Atril Used Aspose.Total to Improve Filters and Provided a Real-Time Preview in Déjà Vu Translation Tool

About Atril Solutions

Atril company logo

Atril Solutions has a unique reputation for innovating translation technology from the standpoint of the user, not the technologist. We have never considered new functions in isolation or introduced them solely for the sake of the technology, but we have always worked towards a bigger picture.

Right from our very beginnings in 1993, we have been committed to much more than simply automating the translation process to enhance productivity, aiming above all to provide a tightly-integrated tool that helps everyone in the translation supply chain work. The ultimate goal has been to make it as effective and efficient, as possible. This all shouldn’t be surprising, as these are our roots.

During our system design, we never involved any trade-offs between quality and productivity. Just as they have always been conceived, so they can be easily and flexibly customized to individual needs.
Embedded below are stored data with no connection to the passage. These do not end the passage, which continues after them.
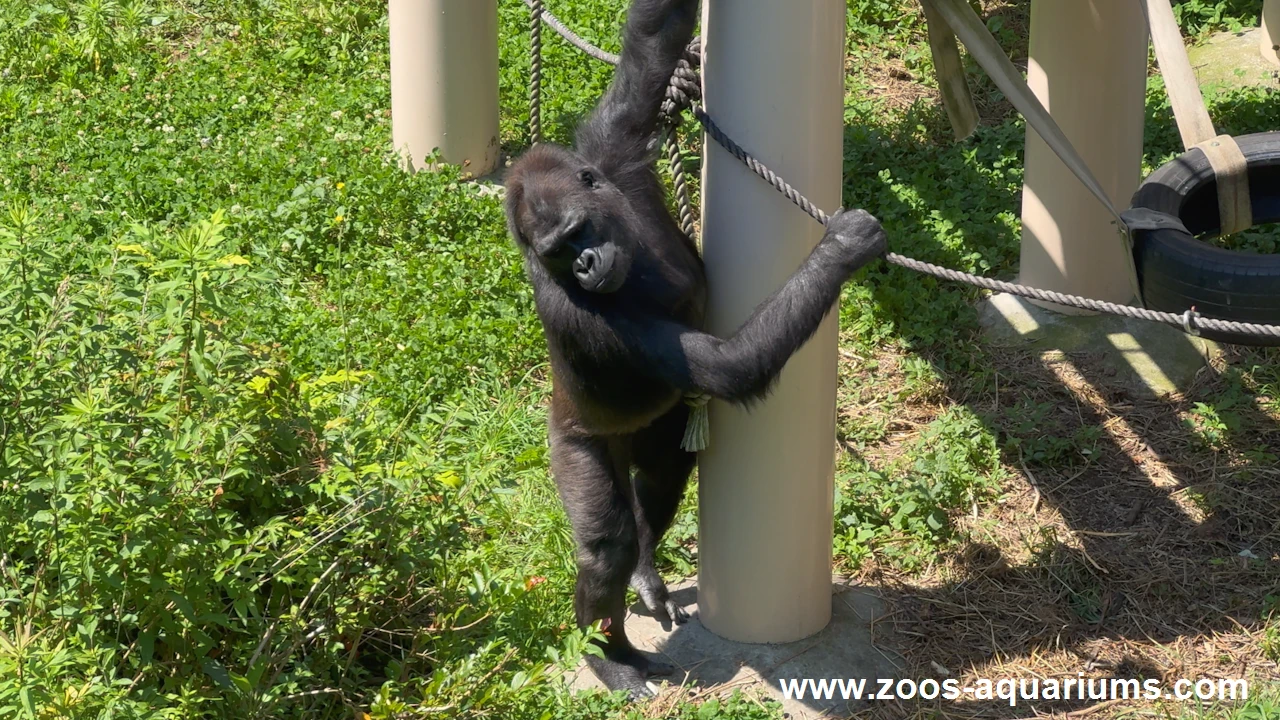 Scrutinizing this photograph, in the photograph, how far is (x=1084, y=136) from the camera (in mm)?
5566

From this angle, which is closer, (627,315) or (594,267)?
(594,267)

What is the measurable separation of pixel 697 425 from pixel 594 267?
645mm

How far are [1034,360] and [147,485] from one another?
3768mm

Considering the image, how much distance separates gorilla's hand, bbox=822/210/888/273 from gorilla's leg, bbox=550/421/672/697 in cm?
105

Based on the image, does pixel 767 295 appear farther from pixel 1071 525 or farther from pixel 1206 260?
pixel 1071 525

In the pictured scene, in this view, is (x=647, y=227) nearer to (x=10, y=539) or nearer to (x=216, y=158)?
(x=10, y=539)

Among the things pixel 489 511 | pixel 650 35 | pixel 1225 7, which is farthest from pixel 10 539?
pixel 1225 7

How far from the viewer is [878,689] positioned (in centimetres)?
404

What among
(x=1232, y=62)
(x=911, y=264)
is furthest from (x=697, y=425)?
(x=1232, y=62)

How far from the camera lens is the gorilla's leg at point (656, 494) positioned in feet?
14.0

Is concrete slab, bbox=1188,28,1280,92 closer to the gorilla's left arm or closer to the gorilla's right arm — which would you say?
the gorilla's left arm

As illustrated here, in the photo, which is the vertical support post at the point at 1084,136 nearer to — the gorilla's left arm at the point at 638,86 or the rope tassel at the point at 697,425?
the gorilla's left arm at the point at 638,86

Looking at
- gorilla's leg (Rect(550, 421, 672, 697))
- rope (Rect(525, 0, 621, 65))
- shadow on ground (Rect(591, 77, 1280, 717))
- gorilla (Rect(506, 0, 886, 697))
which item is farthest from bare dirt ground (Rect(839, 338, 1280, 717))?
rope (Rect(525, 0, 621, 65))

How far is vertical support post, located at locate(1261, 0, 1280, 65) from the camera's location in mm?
6488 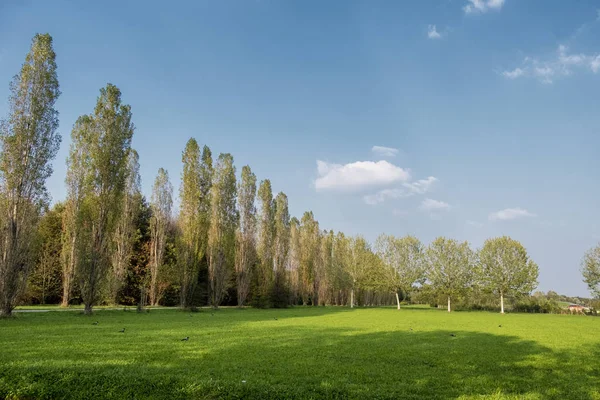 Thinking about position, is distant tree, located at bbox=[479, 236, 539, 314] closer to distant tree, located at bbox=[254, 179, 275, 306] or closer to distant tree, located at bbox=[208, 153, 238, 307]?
distant tree, located at bbox=[254, 179, 275, 306]

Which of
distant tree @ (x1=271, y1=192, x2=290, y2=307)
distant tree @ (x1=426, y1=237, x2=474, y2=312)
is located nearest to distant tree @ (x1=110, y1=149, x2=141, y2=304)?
distant tree @ (x1=271, y1=192, x2=290, y2=307)

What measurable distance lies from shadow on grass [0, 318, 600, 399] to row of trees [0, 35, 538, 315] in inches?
545

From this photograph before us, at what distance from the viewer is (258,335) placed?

This thinking has always enabled us to constant technological innovation. Just as it has involved us in close dialogue with our users, this approach itself has been innovative while ensuring our product development makes a real impact on quality, productivity, and reputation.

Over the years, we have added a large number of features. As we continued research into the techniques that drive Déjà Vu, we have steadily added new translation features and refined existing techniques to increase both speed and output. And we have also added a large number of filters, both for documents and for database importing and exporting.

Problem

Our translation tool, Déjà Vu, provides an interface that allows users to translate documents in a wide variety of formats. It includes a number of filters that extract the translatable content from the documents, and store any inline markup or formatting information in placeholders. The user, therefore, does not see the real formatting of the documents; while in some cases, this can be an advantage. Because having to rearrange numerous placeholders in the translated text is a time-consuming task.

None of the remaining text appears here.